> [Exercise]: Retype the line where "北方人在南方的感觸:除濕機真是必需品,一年四季都要用" appears and each line that follows it down to the last line of the records below. Leave the pictures out.

(Captioned web images)
○ ○ ○ ○ ○ ○ ○
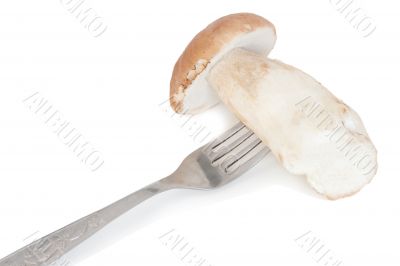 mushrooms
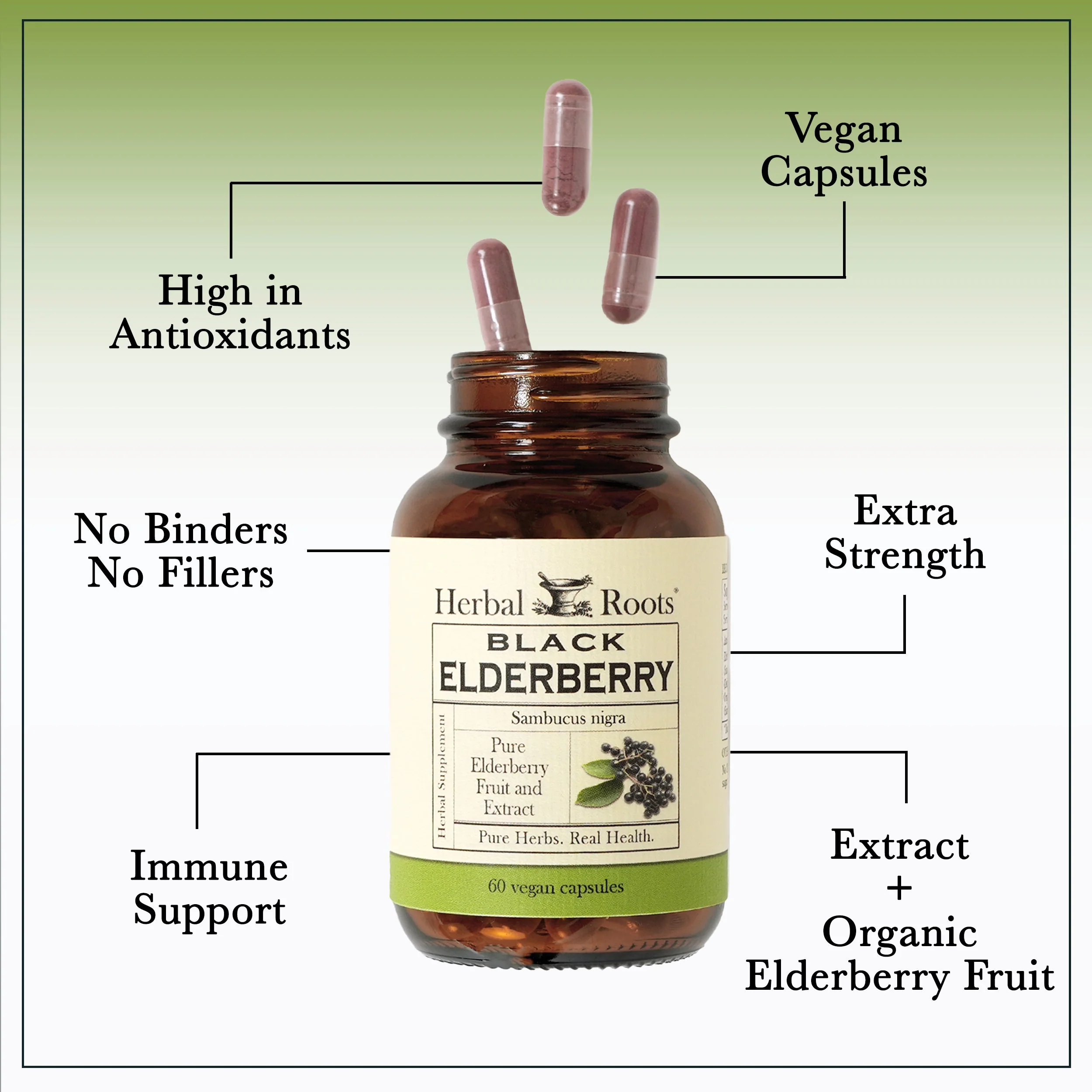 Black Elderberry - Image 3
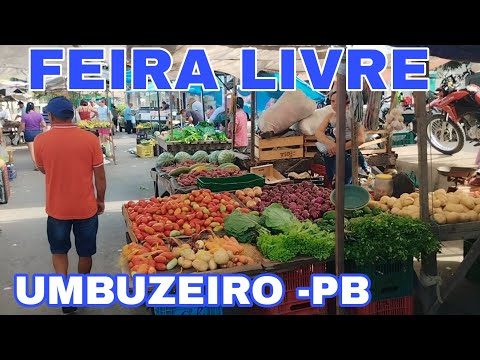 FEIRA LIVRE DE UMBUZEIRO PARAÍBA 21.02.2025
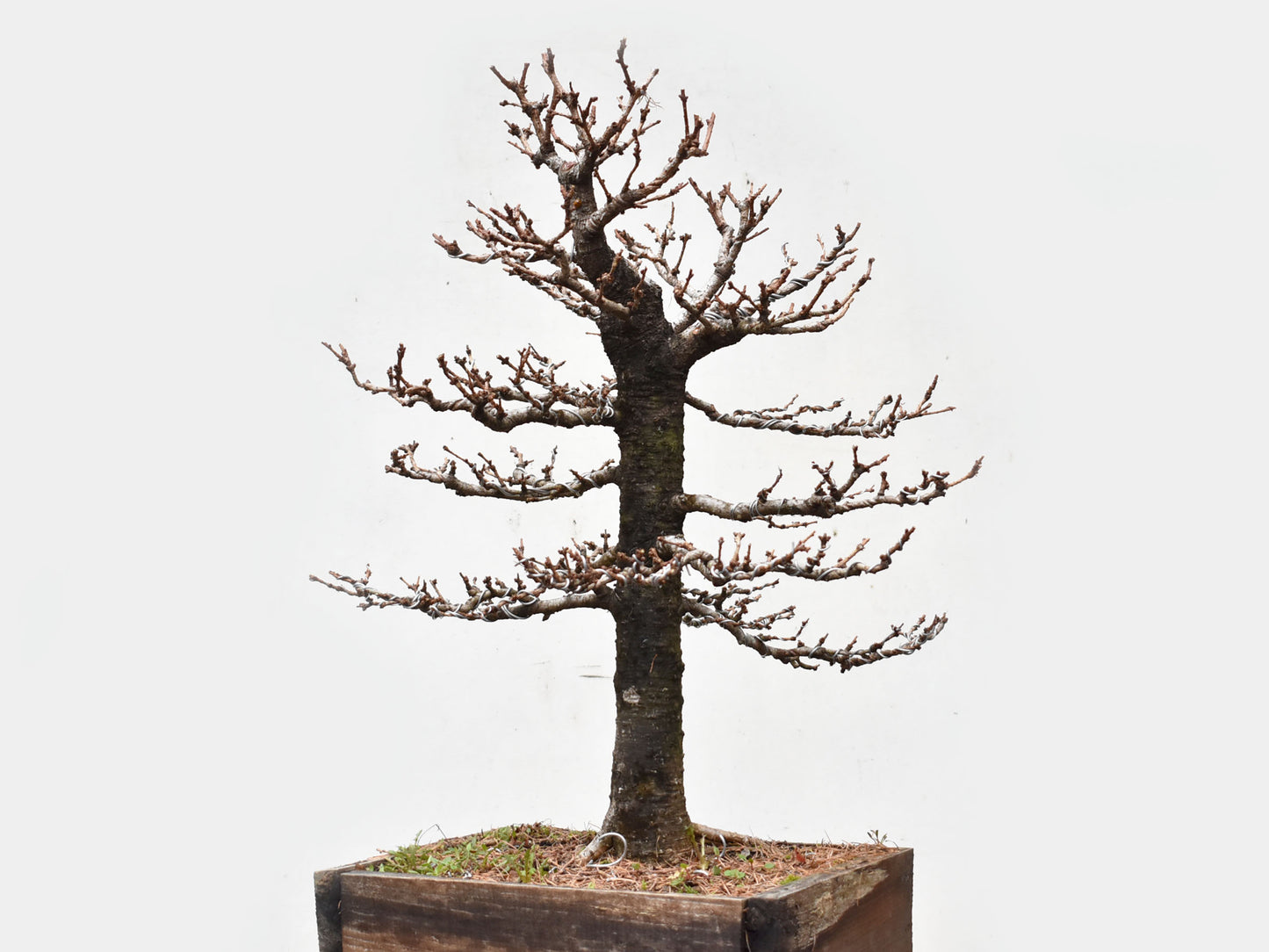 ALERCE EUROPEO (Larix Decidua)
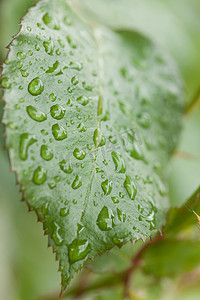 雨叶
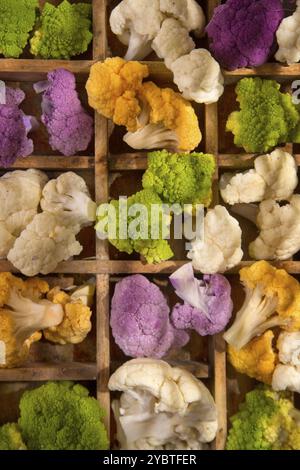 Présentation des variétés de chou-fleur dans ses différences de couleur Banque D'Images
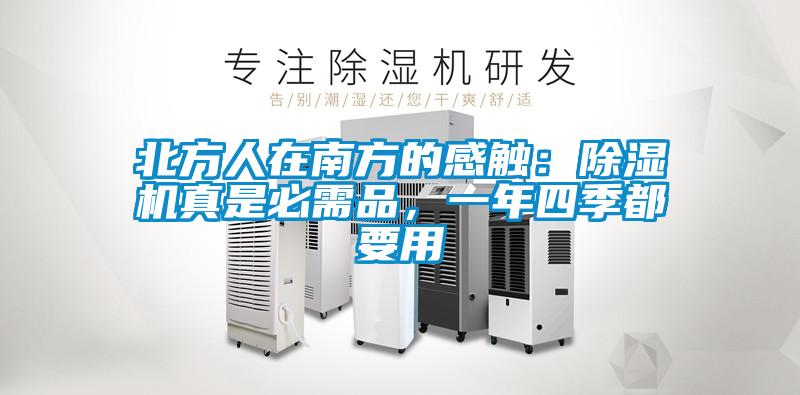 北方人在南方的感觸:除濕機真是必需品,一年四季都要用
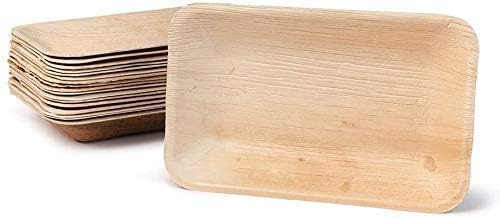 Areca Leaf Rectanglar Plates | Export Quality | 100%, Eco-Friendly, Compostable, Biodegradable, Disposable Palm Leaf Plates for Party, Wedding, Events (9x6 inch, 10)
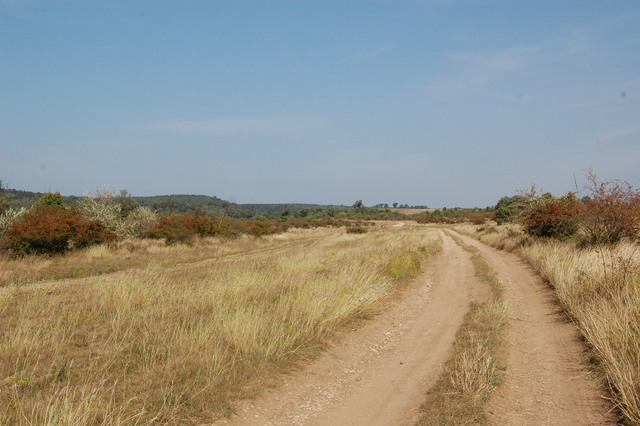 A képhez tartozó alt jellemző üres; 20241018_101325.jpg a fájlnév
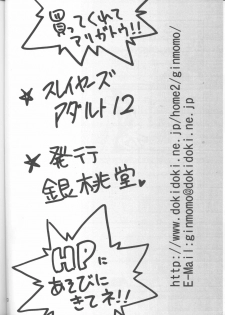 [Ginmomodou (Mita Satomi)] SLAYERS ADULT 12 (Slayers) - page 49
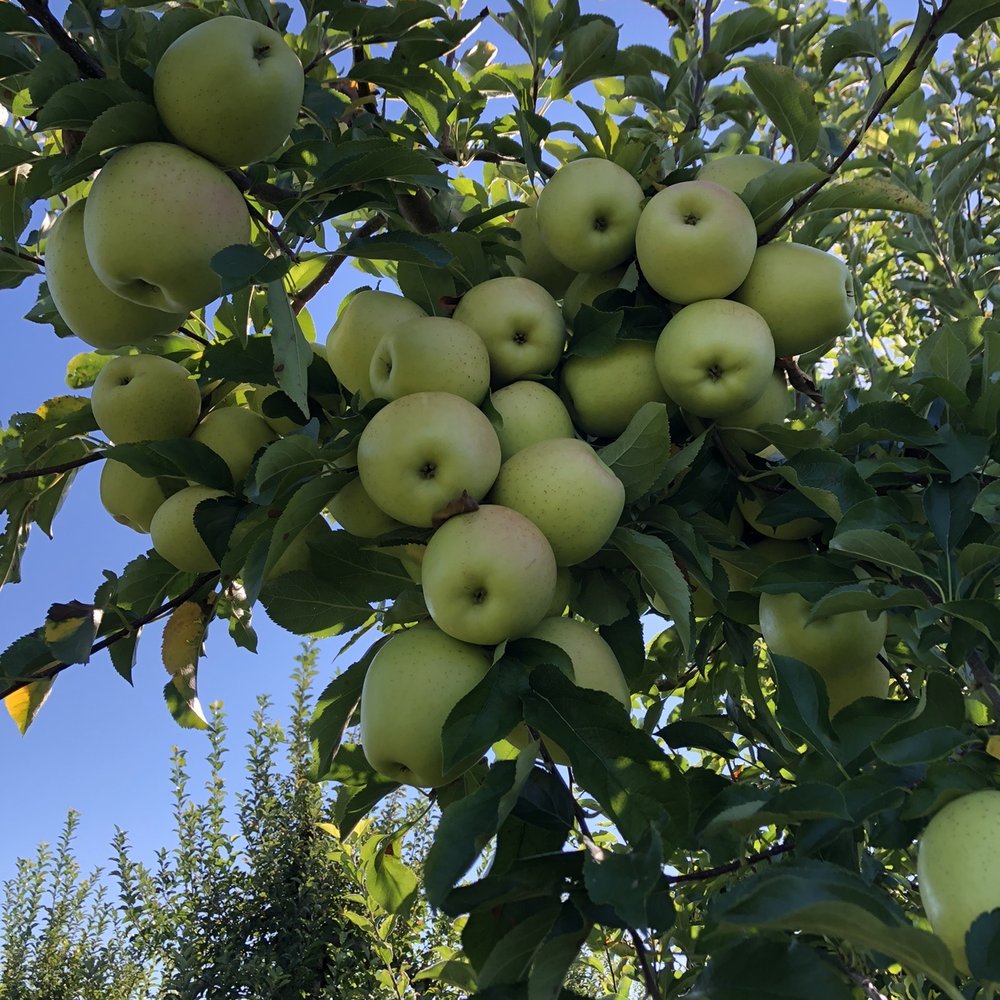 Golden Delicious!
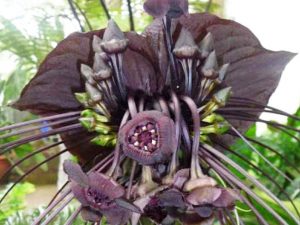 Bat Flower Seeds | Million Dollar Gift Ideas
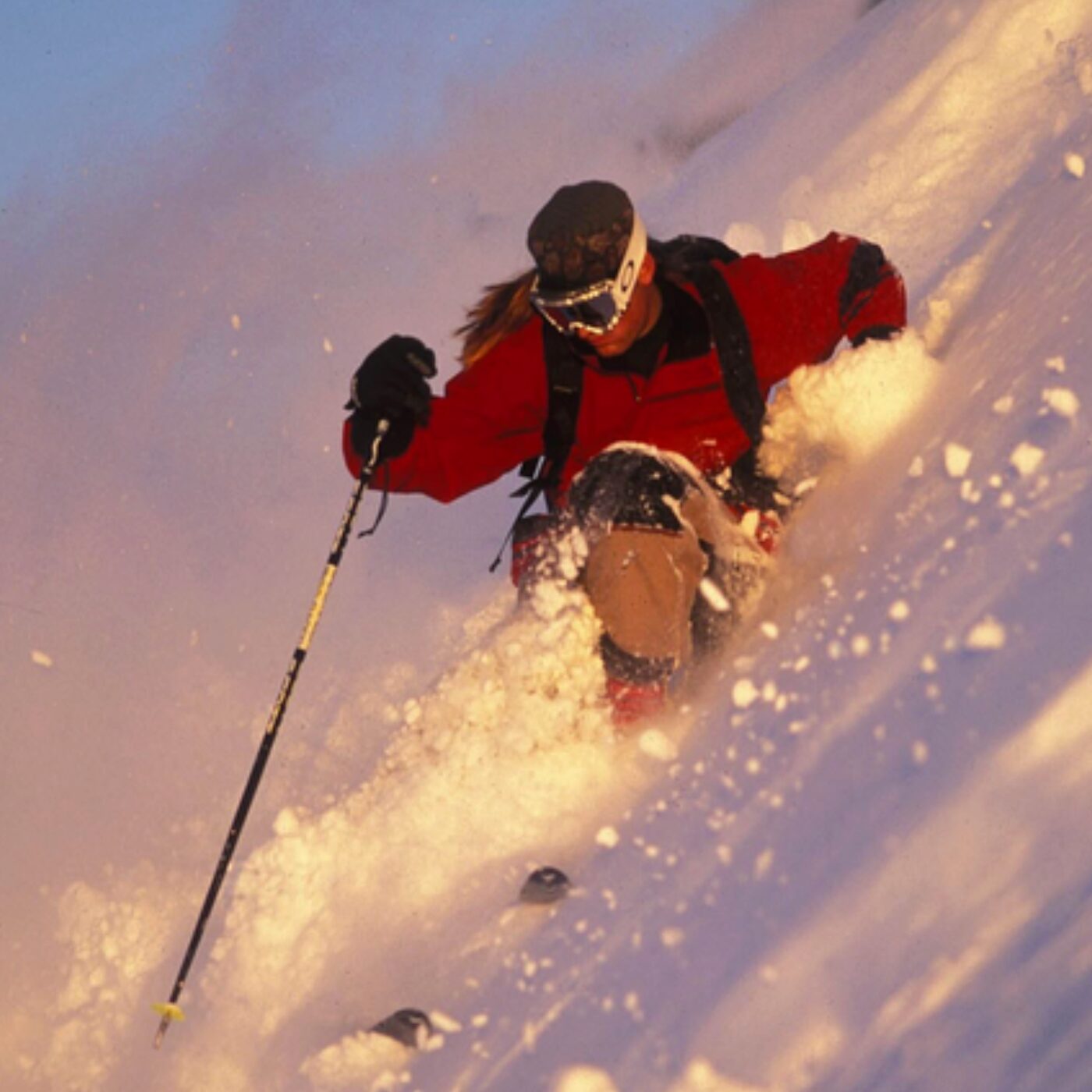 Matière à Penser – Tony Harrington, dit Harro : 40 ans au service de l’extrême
○ ○ ○ ○ ○ ○ ○
> [Result of the task]:
 北方人在南方的感觸:除濕機真是必需品,一年四季都要用
 Areca Leaf Rectanglar Plates | Export Quality | 100%, Eco-Friendly, Compostable, Biodegradable, Disposable Palm Leaf Plates for Party, Wedding, Events (9x6 inch, 10)
 A képhez tartozó alt jellemző üres; 20241018_101325.jpg a fájlnév
 [Ginmomodou (Mita Satomi)] SLAYERS ADULT 12 (Slayers) - page 49
 Golden Delicious!
 Bat Flower Seeds | Million Dollar Gift Ideas
 Matière à Penser – Tony Harrington, dit Harro : 40 ans au service de l’extrême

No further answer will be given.